По обыкновению, он был под мухой и от него пахло водкой.
— Ты, что же это, пакостник, опять художеством занимаешься! — тыча мне под нос кулаком, заорал он. — Да я тебя!.. Да я тебя!.. — еле выговаривая, выкрикивал он, — завтра мы тебя расстреляем, вот там, за церковью, я здесь царь и Бог, у меня есть инструкция, и ты это знаешь!.. по 18-й статье!.. ты бунтовщик… изменник!..
Доругавшись до слез, пьяный комендант обратился за сочувствием к солдатам:
— А, братцы! Он, сукин сын, недоволен, что царь-батюшка 47 миллионов на коронацию истратил, у его, дурака, не спросился. Дурак он, братцы?!

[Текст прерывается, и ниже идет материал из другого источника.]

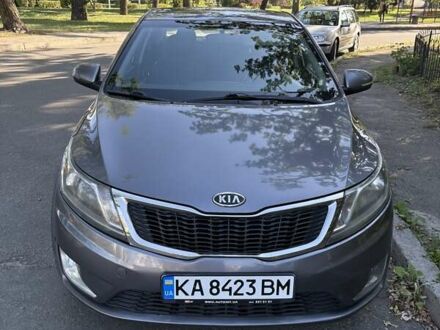 Серый Киа Рио, объемом двигателя 1.6 л и пробегом 121 тыс. км за 7200 $, фото 1 на Automoto.ua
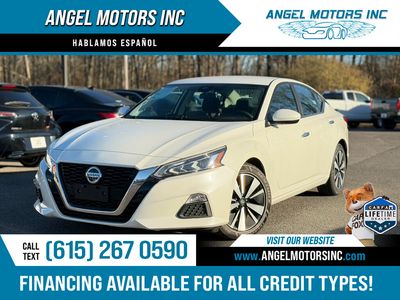 2021 Nissan Altima SV's photo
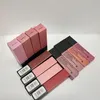 Rossetto opaco con lucidalabbra 12 colori Lustre rossetti retrò retrò gelipasti per labbra sexy retti natalizi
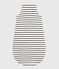 Sacco nanna TOG 2 in cotone bianco MARSHMALLOW/blu SMOKING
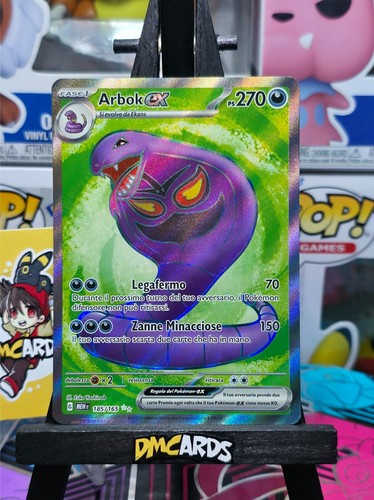 Pokemon arbok 185 - pokemon,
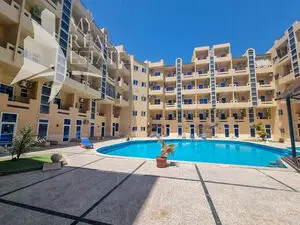 Studio for sale in Tiba Resort residential compound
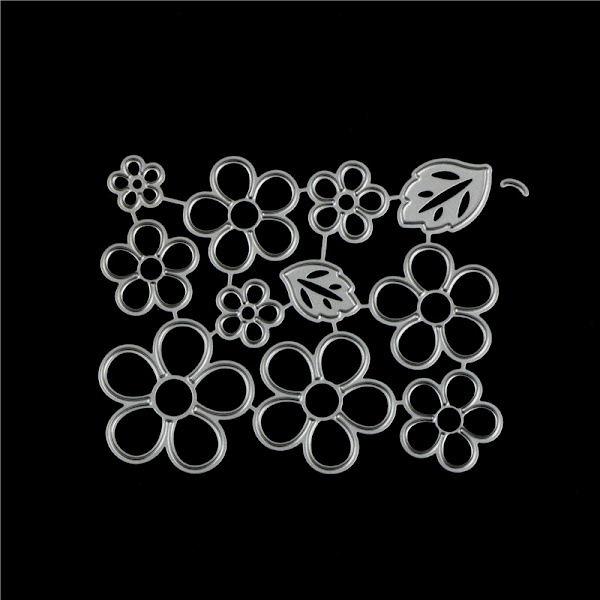 11 st Blomblad Metal ting Die For DIY Scrapbooking Album S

— Так точно ваше высокоблагородие! — гаркнула рота!
— А что, у вас царь-батюшка удержал хоть грош из вашего жалованья себе на коронацию?!

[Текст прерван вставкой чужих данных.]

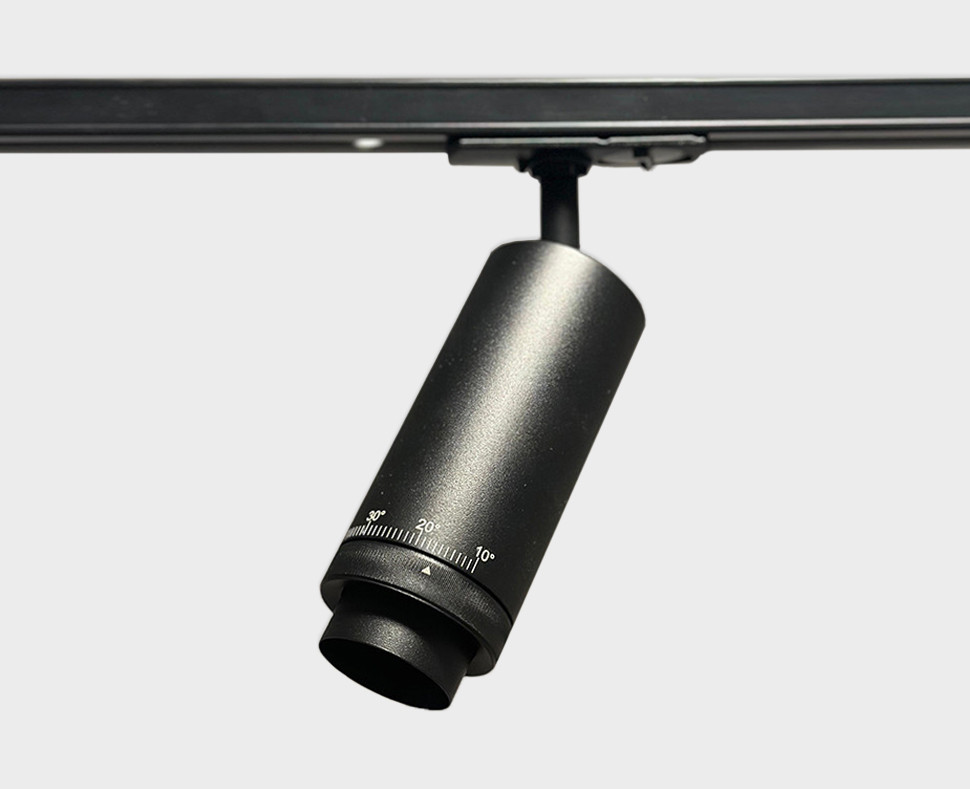 IT02-021 black 2700K светильник трековый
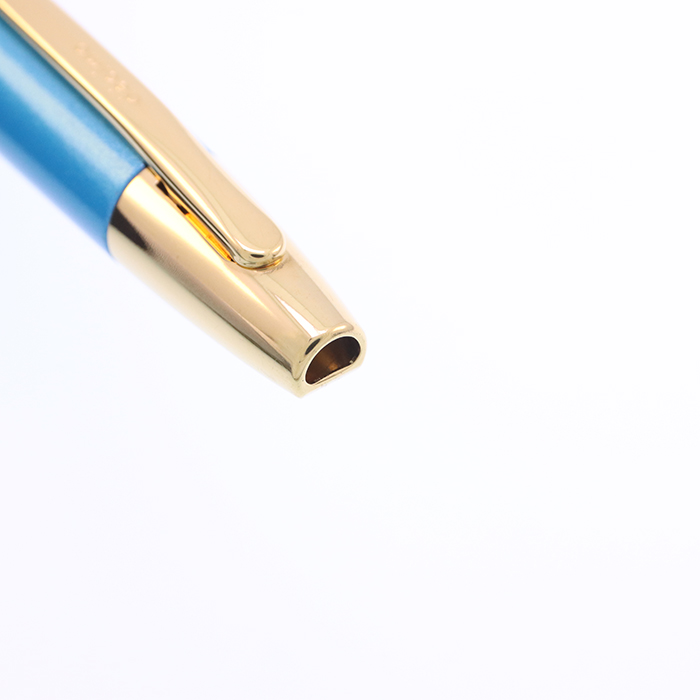 中古)PILOT パイロット 万年筆 2021年限定 キャップレス デシモ アクア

— Никак нет, ваше высокоблагородие! Сполна получаем!
— Скотина он, братцы?!
— Так точно, ваше высокоблагородие!
Истощив все свое начальническое красноречие и язвительные названия по моему адресу, Лангут приказал Тугбаеву вести роту в казарму, а сам, присоединившись к группе женщин, вышедших из церкви, возбужденно стал рассказывать им о своем безвыходном положении.
— Вот, полюбуйтесь на московского художника, что прикажете с ним делать? расстрелять? У него дети, сироты будут! И так оставить нельзя!..
— В чем дело, капитан, вы расстроены, что случилось? — спросила его жена смотрителя лазарета, за которой здесь все ухаживали.
— Он про нас художества сочиняет в письмах…
— Ну это пустое, — сказала она, — в письмах мы все друг про друга пишем, и если их не читать…
— И если еще насильно не водить людей в церковь, — перебил ее купец Чернов, — то и от этого греха меньше бывает.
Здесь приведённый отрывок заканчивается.